WHAT THE TASK REQUIRES:
The entire listing below is to be reproduced exactly.

PROVIDED MATERIAL:
++++++++++

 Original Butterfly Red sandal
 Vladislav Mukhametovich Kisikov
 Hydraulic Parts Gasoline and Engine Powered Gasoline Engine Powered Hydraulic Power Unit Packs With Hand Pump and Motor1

++++++++++

RESPONSE BOX:
 Original Butterfly Red sandal
 Vladislav Mukhametovich Kisikov
 Hydraulic Parts Gasoline and Engine Powered Gasoline Engine Powered Hydraulic Power Unit Packs With Hand Pump and Motor1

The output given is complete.